The A&S student advisory councils advise the Dean on initiatives that have a direct impact on students including those that increase the visibility of the Arts & Sciences at WPI.
Sarah Doherty - Biology & Biotechnology
Sarah Doherty is a senior Biology and Professional Writing double major on a PreMed track. She is on the Cross Country and Track and Field team and is also a tutor for Biology and Organic Chemistry courses. Outside of WPI, Sarah loves to run, sail, and watercolor.
Justin Moy - Bioinformatics & Computational Biology
Justin Moy is a senior pursuing a BS/MS in Bioinformatics and Computational Biology (BCB). He is the vice president and cofounder of the BCB Club. In his free time, he enjoys playing piano and exploring the outdoors.
Catherine Reynolds - Chemistry & Biochemistry
Catherine Reynolds is a junior from Concord, NH. She volunteers in Professor Gericke’s lab where she studies membrane domain formation. Outside of the classroom, she is on the Varsity Volleyball team and the Varsity Volleyball representative for the Student Athletic Advisory Council (SAAC). She also enjoys hiking and spending time with her friends and family.
Ashley Schuliger - Computer Science
Ashley Schuliger is a senior Computer Science major from Lewis Center, Ohio. She is a member of the Women's Rowing team at WPI and serves as their Student Athletic Advisory Committee Representative. She is also an SA for the Computer Science department as well the Events Coordinator for UPE, the Computer Science honors society. In her free time, she enjoys knitting, cooking, playing the piano, acting, and singing. She is involved in an interdisciplinary research group that develops Data Science solutions to Materials Science problems and plans to further this research by pursuing a PhD in Data Science with a focus in data series.
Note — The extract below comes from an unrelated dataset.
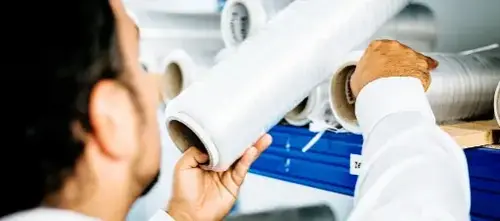 Verpackungsmaterialen Vogel Verpackungen Experte für Verpackungsmaterialien Sascha Vogel prüft die Stretchfolien.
Robbie Oleynick - Humanities & Arts
Robbie Oleynick is a Sophomore Electrical and Computer Engineering and Computer Science major from Yardley, PA. He is the Vice President of the Pep Band, the Treasurer of Jazz Groups, a member of the Concert Band, and the producer of virtual performance for all three groups. In his free time, he likes to tinker with electronics and create embedded systems. When he’s not using a soldering iron, he’s camping, kayaking, or making music. He plans to pursue a master’s in ECE with a minor in CS and Music
Sophia Marcus - Interactive Media & Game Development
Sophia Marcus is a senior and a part of the Interactive Media & Game Development (IMGD) BA Tech Art Concentration. She has a strong passion for animation, both in games and films. In addition to this, she dabbles in character rigging primarily for game development implementation. As an IMGD BA Student Representative, she enjoys talking to the student body and relaying their comments, questions, and concerns to those who can enact change. Sophia's goal is to create a bridge of communication so that we may all achieve our goals
Ally Salvino - Mathematical Sciences
Ally Salvino is a senior at WPI from Germantown, Maryland. She is majoring in Mathematical Sciences with minors in Computer Science and Spanish. On campus, she works as a Peer Learning Assistant (PLA) in the Department of Mathematical Sciences and as the Student Assistant in the Office of Undergraduate Research. Ally also serves as the Secretary of the WPI Rotaract Club. In her free time, Ally enjoys volunteering, reading, and spending time with her friends and family.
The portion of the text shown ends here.